**WORK TO BE COMPLETED:** Each line from the one with "Installation d un" through the last line of the material is to be printed exactly; no other line and no picture belongs in the copy.
· · ·
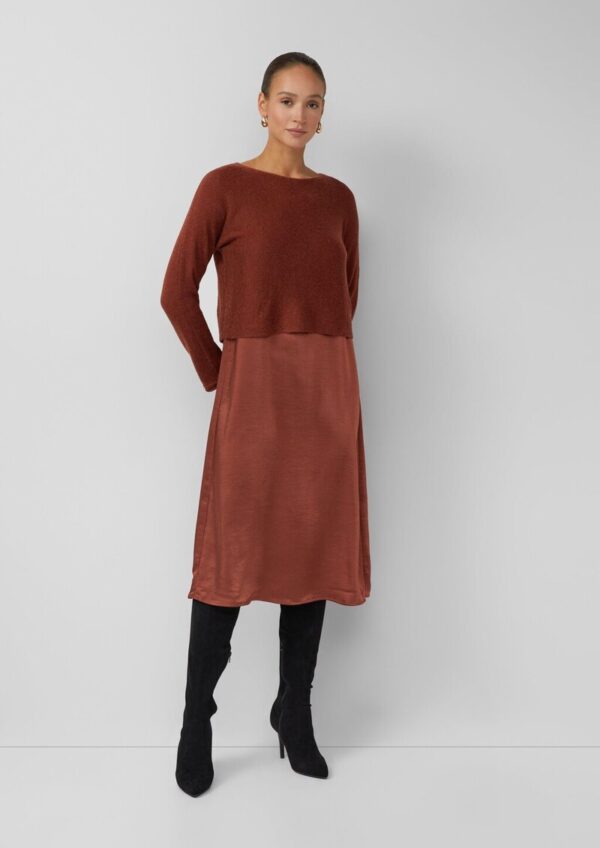 Set aus Satinkleid und Pullover aus Alpaka-Wollmix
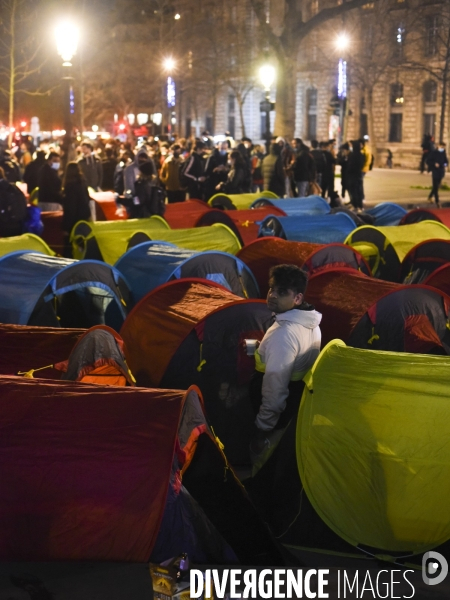 Installation d un camp de réfugiers Place de la République. Refugees camp on Place de la République, Paris.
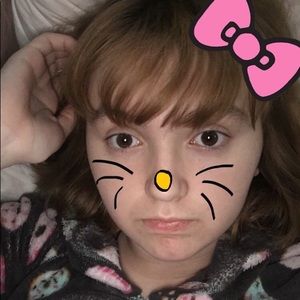 Meet your Posher, Moira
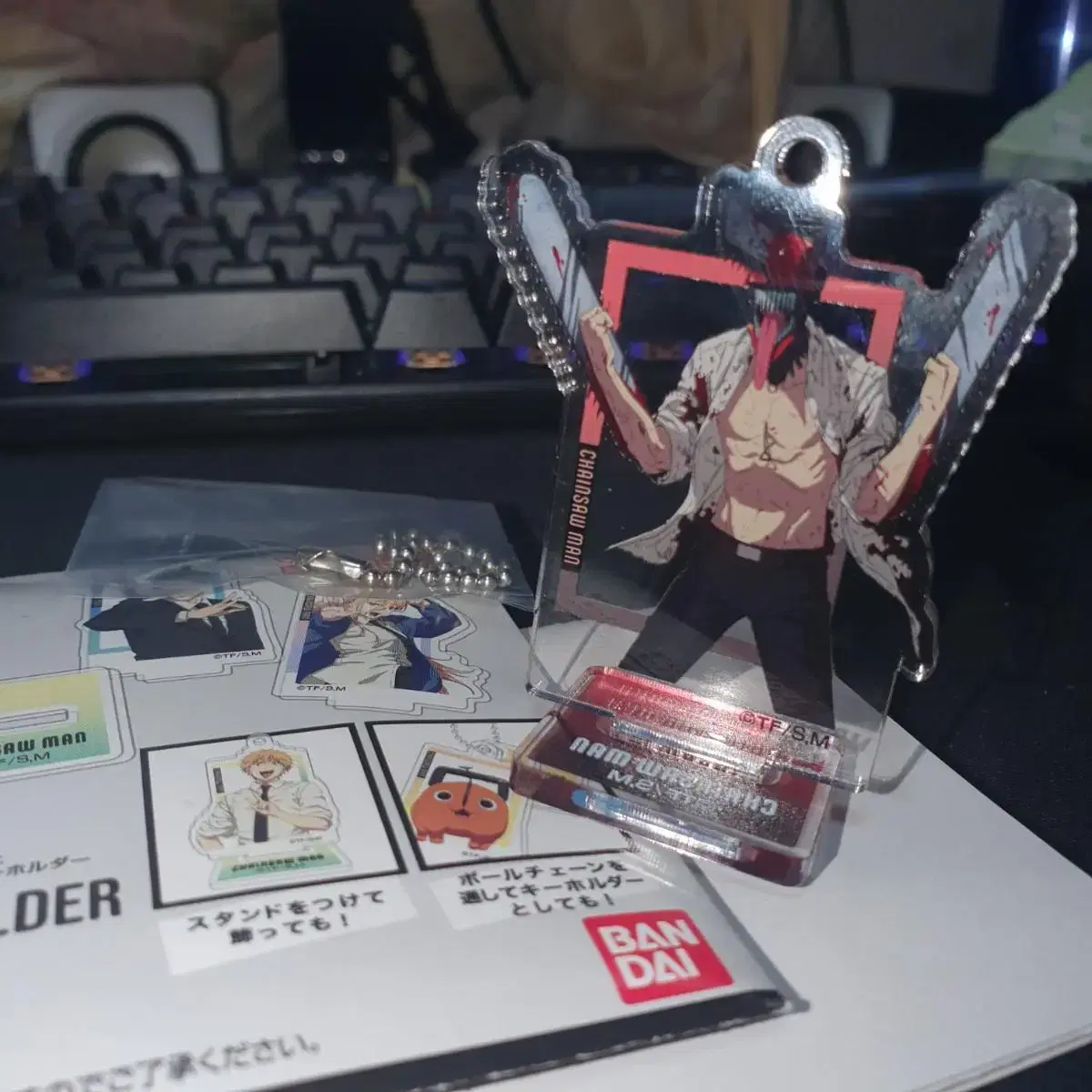 Price drop) Chainsaw Man Denji Stand Mini acrylic Key Holder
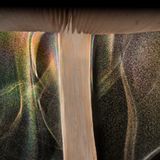 Feine Sporen schweben unter den Lamellen eines Rehbraunen Dachpilzes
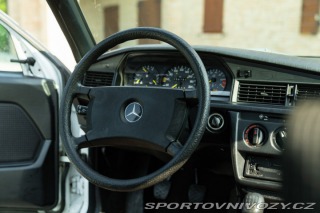 Mercedes-Benz E 190 E 1987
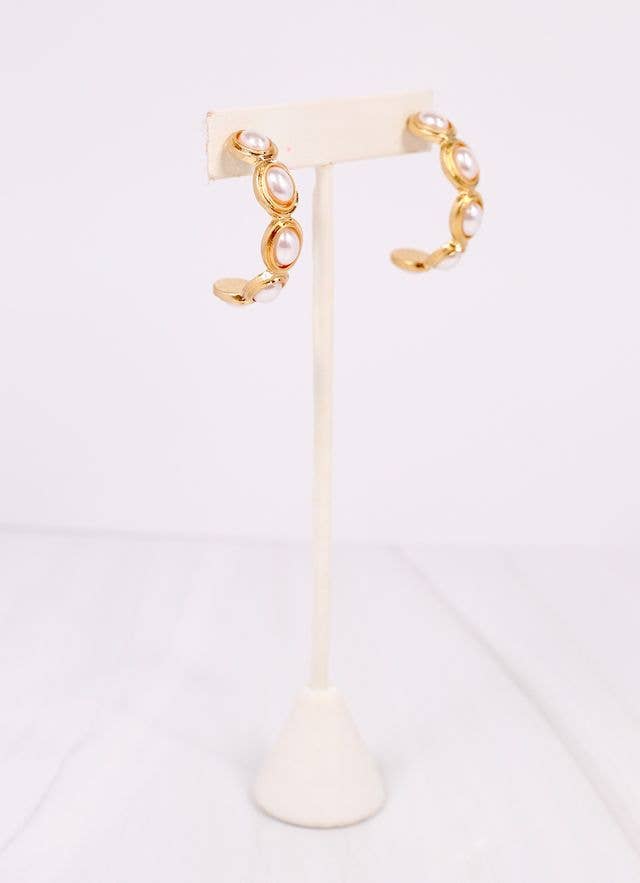 Dalma Pearl Hoop Earring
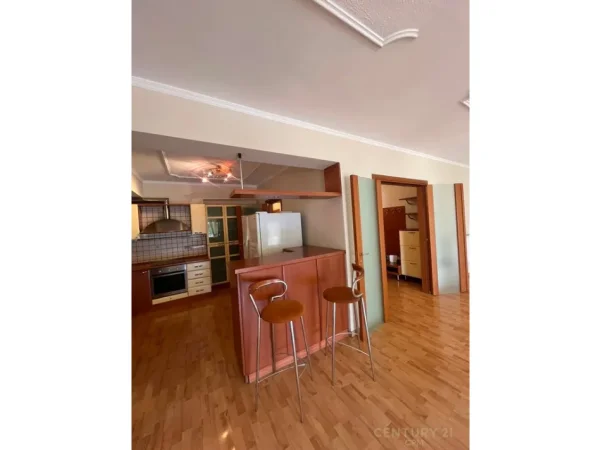 Tirane, jepet me qera apartament 3+1 Kati 4, 158 m² 2.000 € (Stadiumi Air Albania)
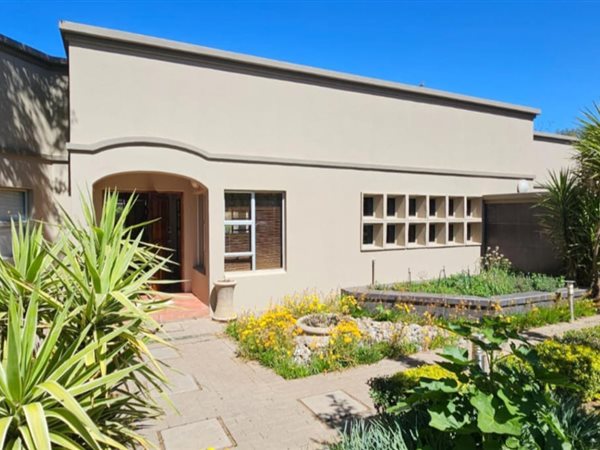 3 Bedroom House 3 Bedroom House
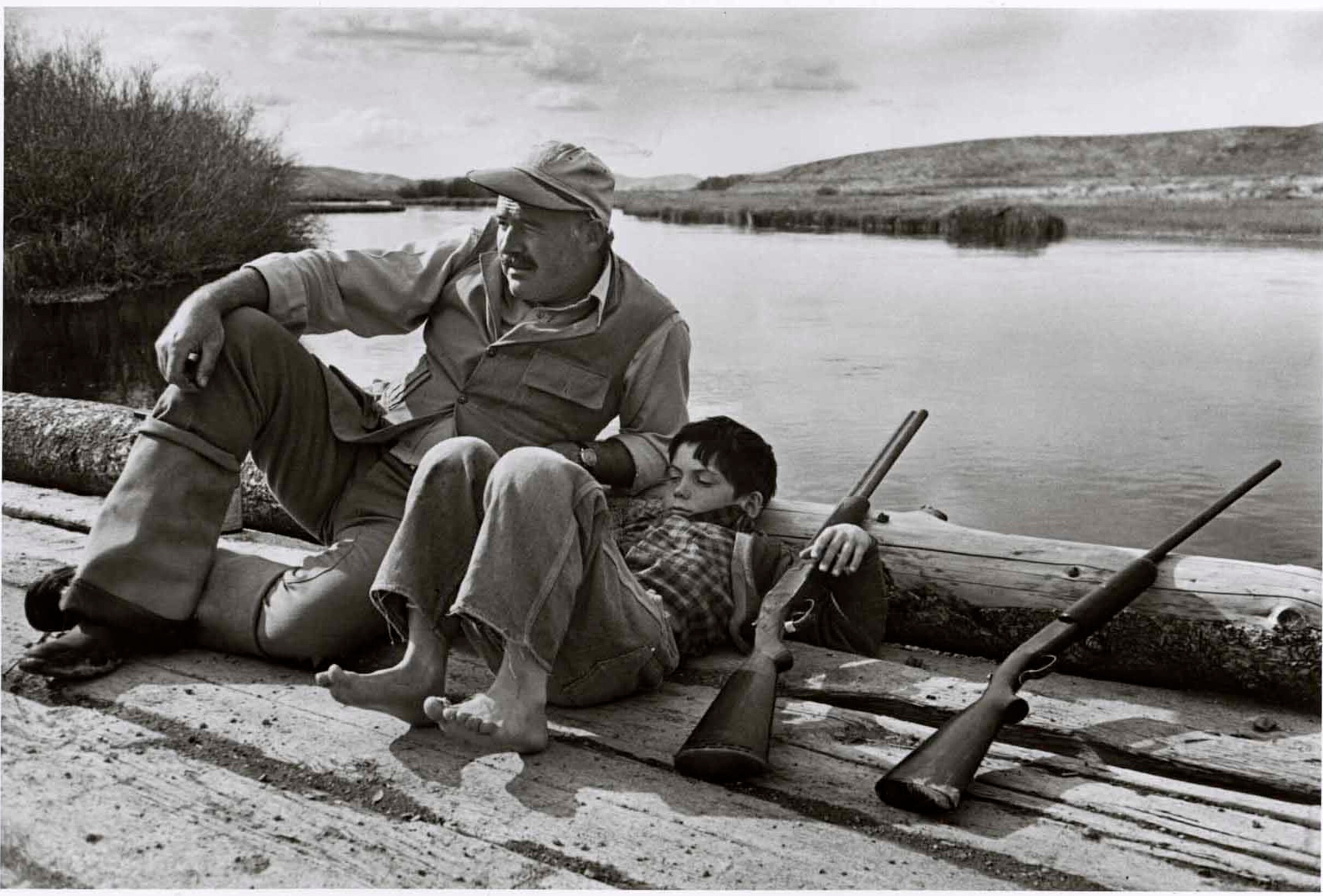 Эрнест Хемингуэй и сын Грегори отдыхают во время дневной охоты на фазана, Сан-Вэлли, Айдахо, Октябрь 1941 год. Фотограф Роберт Капа
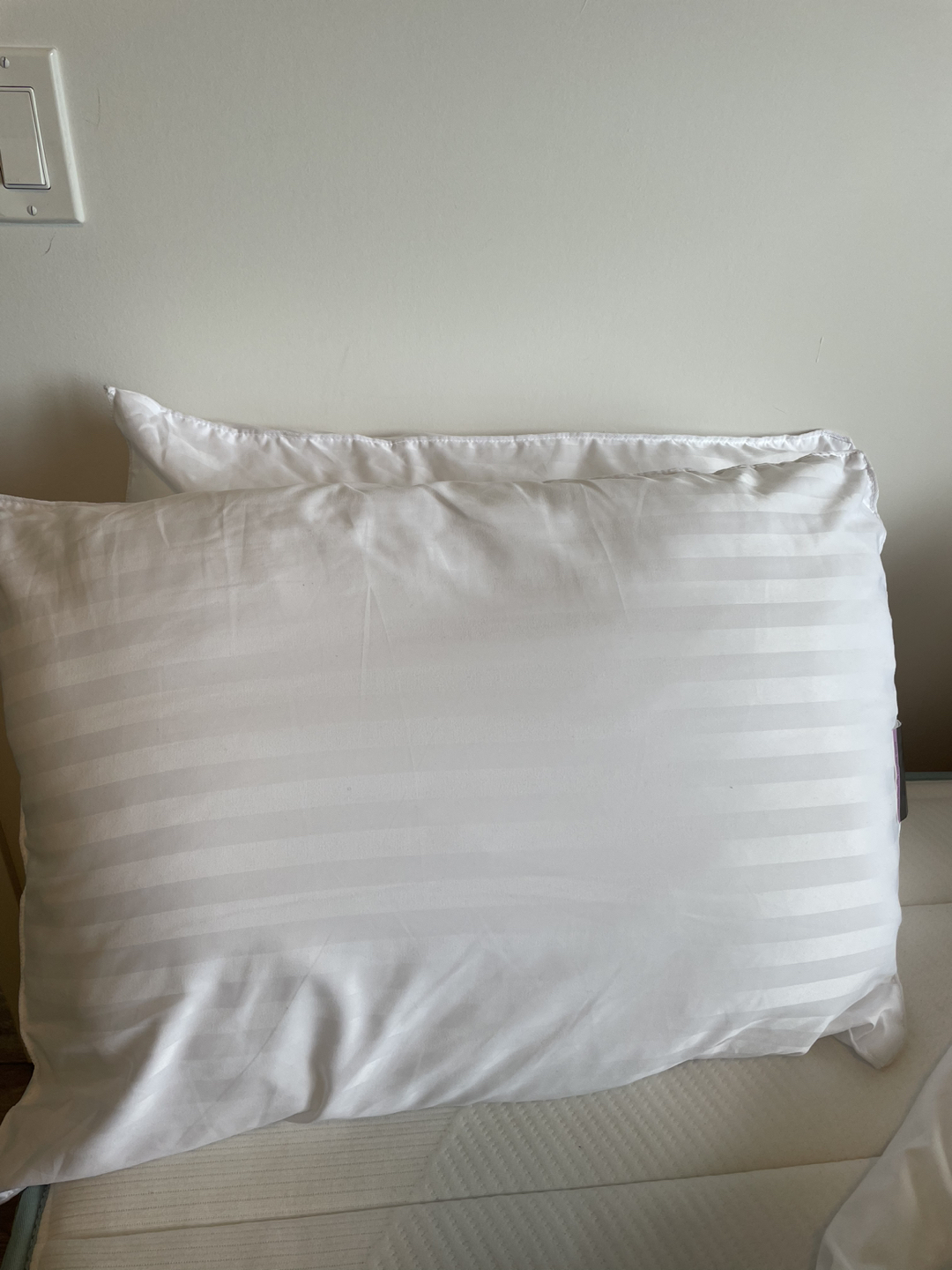 2 pillows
· · ·
**SOLUTION TO THIS TASK:**
 Installation d un camp de réfugiers Place de la République. Refugees camp on Place de la République, Paris.
 Meet your Posher, Moira
 Price drop) Chainsaw Man Denji Stand Mini acrylic Key Holder
 Feine Sporen schweben unter den Lamellen eines Rehbraunen Dachpilzes
 Mercedes-Benz E 190 E 1987
 Dalma Pearl Hoop Earring
 Tirane, jepet me qera apartament 3+1 Kati 4, 158 m² 2.000 € (Stadiumi Air Albania)
 3 Bedroom House 3 Bedroom House
 Эрнест Хемингуэй и сын Грегори отдыхают во время дневной охоты на фазана, Сан-Вэлли, Айдахо, Октябрь 1941 год. Фотограф Роберт Капа
 2 pillows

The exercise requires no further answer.